Project description:BACKGROUND:Differences in cardiovascular disease (CVD) burden exist among racial/ethnic groups in the United States, with African-Americans having the highest prevalence. Subclinical CVD measures have also been shown to differ by race or ethnicity. In the United States, there has been a significant intermixing among racial/ethnic groups creating admixed populations. Very little research exists on the relationship of genetic ancestry and subclinical CVD measures. METHODS AND RESULTS:These associations were investigated in 712 black and 705 Hispanic participants from the Multi-Ethnic Study of Atherosclerosis candidate gene substudy. Individual ancestry was estimated from 199 genetic markers using STRUCTURE. Associations of ancestry and coronary artery calcium (CAC) and common and internal carotid intima media thickness were evaluated using log-binomial and linear regression models. Splines indicated linear associations of ancestry with subclinical CVD measures in African-Americans but presence of threshold effects in Hispanics.

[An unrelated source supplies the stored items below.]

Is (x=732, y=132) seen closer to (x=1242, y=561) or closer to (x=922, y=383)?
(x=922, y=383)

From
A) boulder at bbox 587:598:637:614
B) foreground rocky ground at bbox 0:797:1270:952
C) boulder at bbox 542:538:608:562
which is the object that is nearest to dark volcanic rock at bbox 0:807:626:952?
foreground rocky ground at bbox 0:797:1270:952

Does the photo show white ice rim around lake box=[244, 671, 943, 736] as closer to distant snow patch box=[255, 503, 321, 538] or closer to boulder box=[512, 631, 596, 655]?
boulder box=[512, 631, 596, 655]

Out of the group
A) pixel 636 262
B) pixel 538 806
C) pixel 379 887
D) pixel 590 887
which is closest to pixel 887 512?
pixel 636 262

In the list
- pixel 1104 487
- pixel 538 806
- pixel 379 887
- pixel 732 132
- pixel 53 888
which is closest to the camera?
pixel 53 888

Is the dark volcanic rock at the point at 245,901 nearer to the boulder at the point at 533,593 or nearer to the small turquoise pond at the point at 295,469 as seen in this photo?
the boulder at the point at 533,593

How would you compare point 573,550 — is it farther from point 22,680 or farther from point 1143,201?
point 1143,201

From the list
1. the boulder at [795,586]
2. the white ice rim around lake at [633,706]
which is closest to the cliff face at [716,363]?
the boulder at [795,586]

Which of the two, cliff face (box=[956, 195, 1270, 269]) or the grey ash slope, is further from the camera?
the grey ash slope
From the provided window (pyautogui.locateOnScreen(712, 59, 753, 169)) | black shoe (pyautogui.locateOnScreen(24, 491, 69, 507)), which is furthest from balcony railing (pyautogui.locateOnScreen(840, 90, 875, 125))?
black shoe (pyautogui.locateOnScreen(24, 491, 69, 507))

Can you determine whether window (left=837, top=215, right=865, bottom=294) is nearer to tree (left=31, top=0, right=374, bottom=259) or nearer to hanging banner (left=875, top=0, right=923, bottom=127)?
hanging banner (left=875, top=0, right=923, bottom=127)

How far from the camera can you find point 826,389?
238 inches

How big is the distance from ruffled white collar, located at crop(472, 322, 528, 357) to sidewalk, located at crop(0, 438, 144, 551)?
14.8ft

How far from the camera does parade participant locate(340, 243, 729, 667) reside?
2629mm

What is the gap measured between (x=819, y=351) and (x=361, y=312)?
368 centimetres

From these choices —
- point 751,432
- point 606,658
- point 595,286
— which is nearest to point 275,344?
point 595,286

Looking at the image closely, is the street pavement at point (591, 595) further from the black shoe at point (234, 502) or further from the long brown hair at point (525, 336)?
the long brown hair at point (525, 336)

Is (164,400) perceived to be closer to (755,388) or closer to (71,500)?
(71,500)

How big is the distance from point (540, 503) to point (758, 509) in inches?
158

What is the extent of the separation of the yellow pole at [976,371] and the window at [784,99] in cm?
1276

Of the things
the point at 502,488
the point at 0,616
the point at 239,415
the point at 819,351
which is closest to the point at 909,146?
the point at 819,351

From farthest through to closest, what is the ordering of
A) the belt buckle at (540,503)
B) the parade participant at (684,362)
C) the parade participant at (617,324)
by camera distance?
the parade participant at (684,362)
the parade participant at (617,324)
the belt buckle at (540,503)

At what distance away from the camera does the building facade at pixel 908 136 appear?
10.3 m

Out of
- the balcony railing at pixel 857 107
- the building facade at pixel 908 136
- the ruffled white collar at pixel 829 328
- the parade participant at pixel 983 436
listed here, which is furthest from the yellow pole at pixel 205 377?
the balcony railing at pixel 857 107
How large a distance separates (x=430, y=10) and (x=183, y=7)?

Among African-Americans, each SD increase in European ancestry was associated with an 8% (95% CI, 1.02 to 1.15; P=0.01) higher CAC prevalence. Each SD increase in European ancestry was also associated with a 2% (95% CI -3.4% to -0.5%, P=0.008) lower common carotid intima media thickness in African-Americans. Among Hispanics, the highest tertile of European ancestry was associated with a 34% higher CAC prevalence (P=0.02) when compared with the lowest tertile. CONCLUSIONS:The linear association of ancestry and subclinical CVD suggests that genetic effects may be important in determining CAC and carotid intima media thickness among African-Americans. Our results also suggest that CAC and common carotid intima media thickness may be important phenotypes for further study with admixture mapping.